After all, in this format, batsmen are expected to go out all guns blazing, so no one will bat an eyelid if he holes out or misses the line. And all bowlers know T20 is totally a batsman’s game; they are expected to be hit for a boundary at least once (in the first ten overs) or twice (in the next five) or thrice (in the last five). 

So, no one has anything to lose. The teams which have more natural talents firing on a given day will usually win. Individual brilliance will win more cricket matches in T20 than any other format, mostly from the batsmen (thanks to the flat pitches). The team that can muster up the most individually brilliant performances over a period of time will win the most matches. That will be identified as team consistency in this format.

As the exceptions, occasionally sensible pragmatic cricket will win some teams games, but only if they run into a side from which no brilliant individual performances emanate on that given day.

And what of the individual performers themselves? Will they be the more expected performers like Gilchrist, Jayasuriya, Tendulkar, Gibbs, Symonds, Sehwag, Ponting, Yuvraj, Sangakarra, Dhoni, etc or the ones who have given prior evidence of suitable talent in a format like this and are happy to get a stage like this, like McCullum? Well, my guess is that it could well be talents like Kallis, Dravid, Fleming, Jayawardane…and the likes, who are proven greats where the mental achievement has been more noticeable than the natural talent. With the license to give full vent to their natural ability, we may be in for some revelations; they are likely to be the hungriest established players in the IPL, and interestingly perhaps the ones under the least pressure in this format. Batsmen like Kaif, Katich, Langer etc might be worth looking out for. Michael Hussey proved this yesterday (and Misbah Ul Haq proved it in the T20 World Cup).

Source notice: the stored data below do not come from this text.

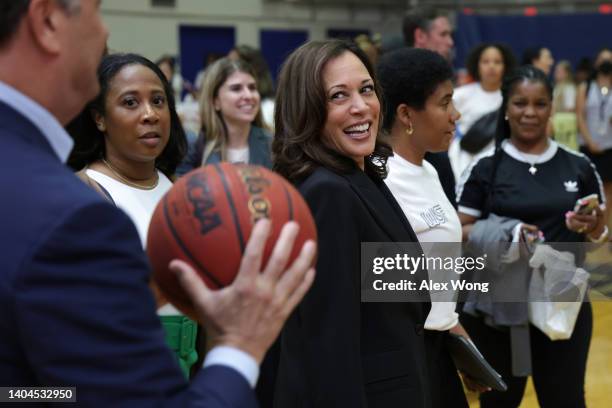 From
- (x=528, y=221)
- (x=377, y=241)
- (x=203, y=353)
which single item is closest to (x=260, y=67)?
(x=528, y=221)

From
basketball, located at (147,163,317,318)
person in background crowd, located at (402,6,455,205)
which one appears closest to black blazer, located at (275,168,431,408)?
basketball, located at (147,163,317,318)

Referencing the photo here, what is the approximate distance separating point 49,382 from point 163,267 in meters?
0.37

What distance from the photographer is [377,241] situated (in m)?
2.23

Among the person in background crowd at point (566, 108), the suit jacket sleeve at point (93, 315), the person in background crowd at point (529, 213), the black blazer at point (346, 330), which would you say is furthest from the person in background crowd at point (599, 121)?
the suit jacket sleeve at point (93, 315)

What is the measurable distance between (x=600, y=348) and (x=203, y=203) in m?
4.98

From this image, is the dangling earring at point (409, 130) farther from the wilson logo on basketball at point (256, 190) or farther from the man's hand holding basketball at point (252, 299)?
the man's hand holding basketball at point (252, 299)

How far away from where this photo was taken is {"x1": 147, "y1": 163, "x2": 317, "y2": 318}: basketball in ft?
4.56

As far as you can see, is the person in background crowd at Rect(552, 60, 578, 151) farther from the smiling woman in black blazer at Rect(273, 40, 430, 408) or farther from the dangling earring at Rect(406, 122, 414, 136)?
the smiling woman in black blazer at Rect(273, 40, 430, 408)

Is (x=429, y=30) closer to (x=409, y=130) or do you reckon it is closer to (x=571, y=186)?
(x=571, y=186)

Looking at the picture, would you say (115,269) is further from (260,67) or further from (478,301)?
(260,67)

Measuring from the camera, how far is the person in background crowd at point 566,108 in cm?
934

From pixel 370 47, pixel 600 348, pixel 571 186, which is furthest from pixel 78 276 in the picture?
pixel 600 348

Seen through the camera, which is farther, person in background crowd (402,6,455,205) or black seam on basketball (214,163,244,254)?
person in background crowd (402,6,455,205)

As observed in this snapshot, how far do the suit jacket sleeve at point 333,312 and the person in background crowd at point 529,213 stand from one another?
1.49 m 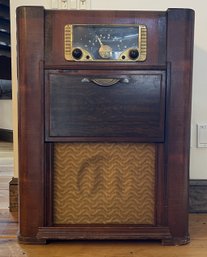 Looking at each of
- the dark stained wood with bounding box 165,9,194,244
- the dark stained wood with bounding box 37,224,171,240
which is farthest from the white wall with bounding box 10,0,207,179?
the dark stained wood with bounding box 37,224,171,240

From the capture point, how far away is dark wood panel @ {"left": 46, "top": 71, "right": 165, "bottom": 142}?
3.73 feet

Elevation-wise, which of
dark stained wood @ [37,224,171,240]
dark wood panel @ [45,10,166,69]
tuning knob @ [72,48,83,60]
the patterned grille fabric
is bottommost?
dark stained wood @ [37,224,171,240]

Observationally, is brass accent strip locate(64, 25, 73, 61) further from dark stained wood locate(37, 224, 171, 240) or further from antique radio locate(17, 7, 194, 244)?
dark stained wood locate(37, 224, 171, 240)

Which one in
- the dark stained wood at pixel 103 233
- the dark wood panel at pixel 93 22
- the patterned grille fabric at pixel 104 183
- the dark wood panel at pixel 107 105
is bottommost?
the dark stained wood at pixel 103 233

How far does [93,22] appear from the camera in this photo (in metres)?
1.12

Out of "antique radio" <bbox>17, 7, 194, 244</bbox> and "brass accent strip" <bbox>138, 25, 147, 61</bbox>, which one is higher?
"brass accent strip" <bbox>138, 25, 147, 61</bbox>

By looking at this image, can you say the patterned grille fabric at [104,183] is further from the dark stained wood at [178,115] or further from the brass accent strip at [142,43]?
the brass accent strip at [142,43]

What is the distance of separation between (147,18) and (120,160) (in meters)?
0.46

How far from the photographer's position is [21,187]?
3.85ft

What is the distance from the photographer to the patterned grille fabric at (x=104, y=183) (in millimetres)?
1183

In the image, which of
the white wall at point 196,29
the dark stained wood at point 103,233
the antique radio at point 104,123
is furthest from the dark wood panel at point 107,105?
the white wall at point 196,29

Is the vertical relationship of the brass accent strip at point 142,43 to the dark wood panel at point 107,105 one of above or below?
above

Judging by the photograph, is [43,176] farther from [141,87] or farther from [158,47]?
[158,47]

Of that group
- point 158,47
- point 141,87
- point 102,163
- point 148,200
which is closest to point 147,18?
point 158,47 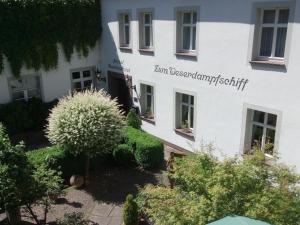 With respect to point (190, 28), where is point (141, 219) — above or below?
below

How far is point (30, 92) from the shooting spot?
1602cm

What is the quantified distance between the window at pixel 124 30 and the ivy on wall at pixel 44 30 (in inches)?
71.5

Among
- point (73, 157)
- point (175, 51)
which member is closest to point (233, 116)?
point (175, 51)

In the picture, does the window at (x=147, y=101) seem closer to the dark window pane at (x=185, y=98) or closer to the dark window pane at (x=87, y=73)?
the dark window pane at (x=185, y=98)

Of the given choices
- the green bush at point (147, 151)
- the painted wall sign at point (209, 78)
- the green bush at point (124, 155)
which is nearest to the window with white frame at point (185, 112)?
the painted wall sign at point (209, 78)

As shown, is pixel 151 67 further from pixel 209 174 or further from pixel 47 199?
pixel 209 174

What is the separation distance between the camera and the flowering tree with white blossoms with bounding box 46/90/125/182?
1024cm

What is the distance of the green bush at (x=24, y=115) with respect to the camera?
14633mm

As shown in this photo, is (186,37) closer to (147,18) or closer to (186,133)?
(147,18)

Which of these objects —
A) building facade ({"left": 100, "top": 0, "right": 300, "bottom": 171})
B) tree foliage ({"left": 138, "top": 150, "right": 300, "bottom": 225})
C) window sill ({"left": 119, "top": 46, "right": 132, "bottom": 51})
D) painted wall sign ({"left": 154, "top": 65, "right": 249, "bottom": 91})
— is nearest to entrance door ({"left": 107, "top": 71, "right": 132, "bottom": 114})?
building facade ({"left": 100, "top": 0, "right": 300, "bottom": 171})

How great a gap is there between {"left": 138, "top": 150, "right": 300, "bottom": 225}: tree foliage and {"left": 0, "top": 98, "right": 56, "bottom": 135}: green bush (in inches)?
420

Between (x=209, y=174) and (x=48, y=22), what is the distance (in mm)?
12233

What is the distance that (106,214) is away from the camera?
9.59 m

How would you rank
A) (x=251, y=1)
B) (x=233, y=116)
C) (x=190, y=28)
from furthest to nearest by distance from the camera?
(x=190, y=28) → (x=233, y=116) → (x=251, y=1)
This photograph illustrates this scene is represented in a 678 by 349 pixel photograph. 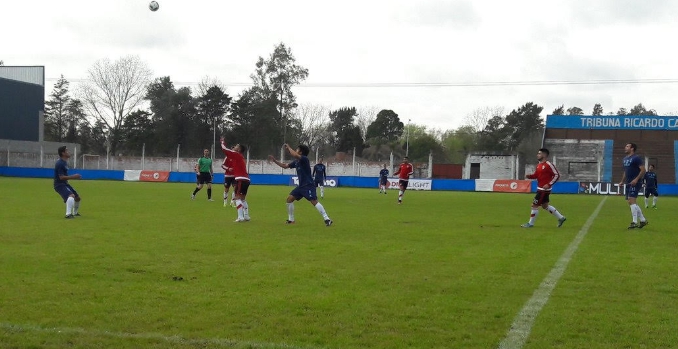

And occasionally when the bowlers do some magic (as the Delhi team did yesterday, especially Maharoof), once again, it could well be the ones not great enough to do it consistently at the highest level, but good enough to be lethal in a very short spell or two. 

They used to say 50-over cricket was a lottery. Well, T20 is Russian Roulette then (it’s the same thing, but quicker, with more drama and noise). Given that the standard of players is more or less similar in the eight teams (regardless of distribution of big names), anybody can actually beat anybody on a given day. The eventual semi finalists could well be the least likely four teams.

And no, an ICL vs IPL match-up would probably be one-sided. It’s like second division playing first division really. Even the inherent uncertainties of the format probably wouldn’t be able to gulf the disparity of standards.

The most interesting thing in the coming weeks would be to see whether audience enthusiasm wanes as the law of diminishing returns is tested. The media, with its commercial agendas, will keep the hype going regardless, but if the cricket-going public overdoses on cricket, we will know. And that could well be alarm bells for the cricket establishments.

Either way, it is hard to see 50-over cricket retaining any charm after this. T20 is there to showcase natural talent, Test Cricket to bring out character…what on earth is ODI cricket for? Any answers?